Sunday, November 15, 2009

Bride of Mirror Man

Candyman (1992)
directed by Bernard Rose
rating: 2 out of 5 cravats
on DVD from Netflix

I’d love to see some statistics to back up director Bernard Rose’s claim that black audiences loved finally having a horror franchise of their own. However aware Rose, Clive Barker, and the cast of Candyman insist they were of the more complicated racial implications of their Cabrini Green-centered plotline, I’m suspicious of the thornier subtexts inherent in scenes like a parade of African-Americans assembling, To Kill a Mockingbird-like, at the grave of a white woman.
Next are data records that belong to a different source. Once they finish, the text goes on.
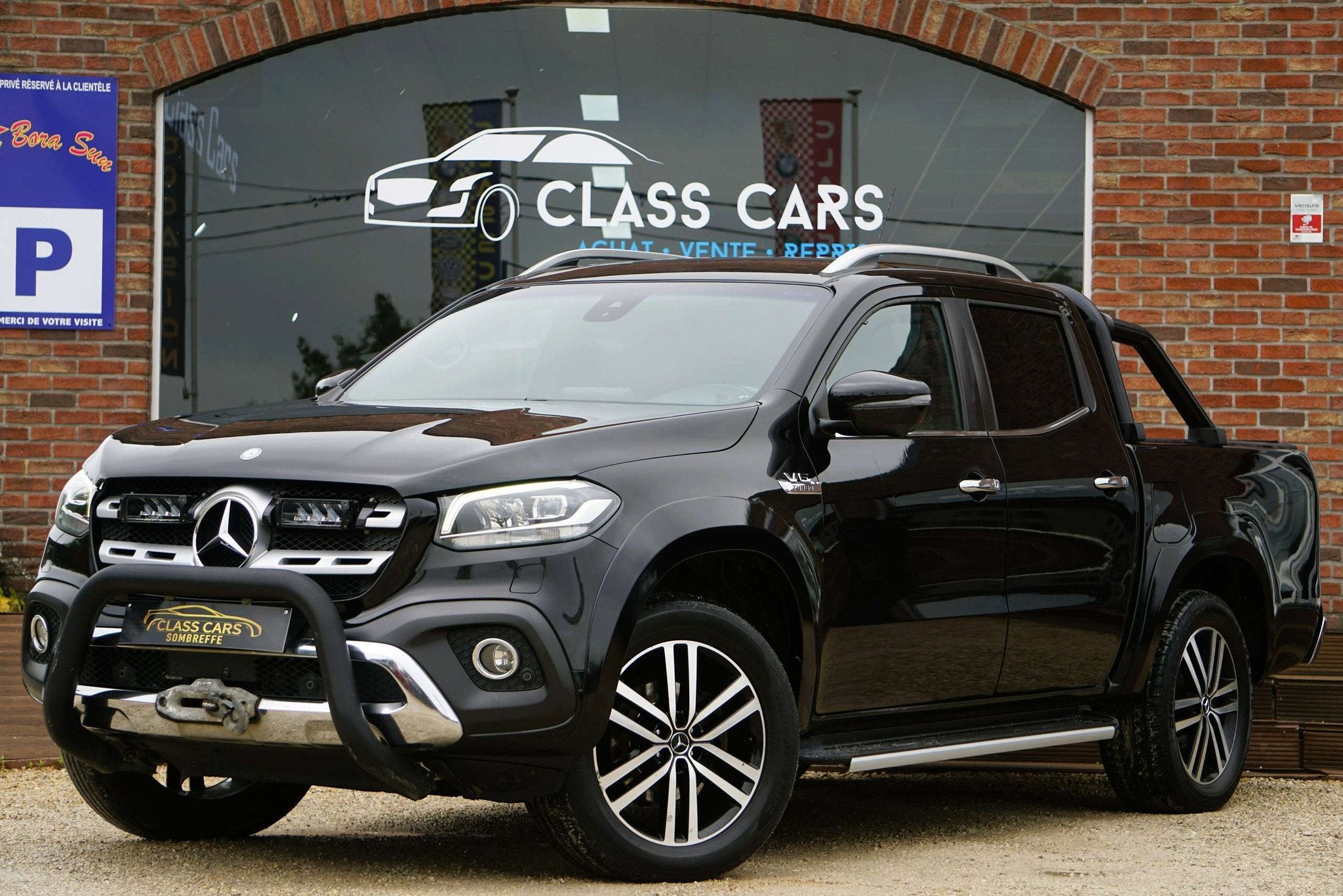 Mercedes-Benz X 350 d 4Matic TVA-BTW RECUP AUTO TREUIL NAVI, Auto's, Automaat, 4 deurs, Gebruikt, 4 cilinders
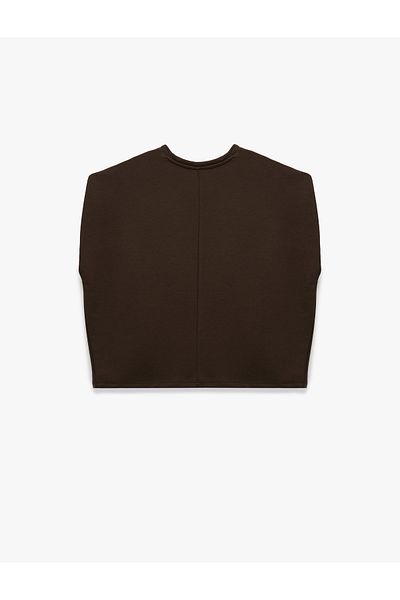 Koton Regular Fit Crew Neck Sleeveless Sweater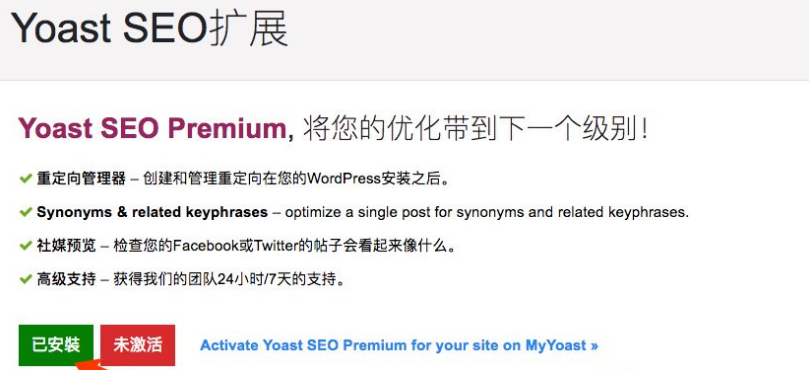 WordPress高级SEO插件Yoast SEO Premium v11.6专业版破解100%中文汉化插图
Does she really deserve that much credit for transforming their considerable historical baggage into an avenging spirit for scorned bourgeoisie? Candyman is dated, is what I’m saying, and more than a little dubious from an ethical standpoint. But the fear of the things we half-expect to see on a bathroom mirror in the middle of the night is pretty convincingly replicated, expounded upon, and twisted deeper into our psyches – this is, after all, the director of Paperhouse – and for every way in which Candyman does not transcend Hollywood’s worst realization of a “social conscience,” it also offers up one or two authentic scares. Good but not great, in other words; a mouthful of bees might be fun, but they’re not – and shouldn’t have to be - very profound.

Did anyone else know that Virginia Madsen was a David Lynch discovery? Makes me want to re-watch Dune.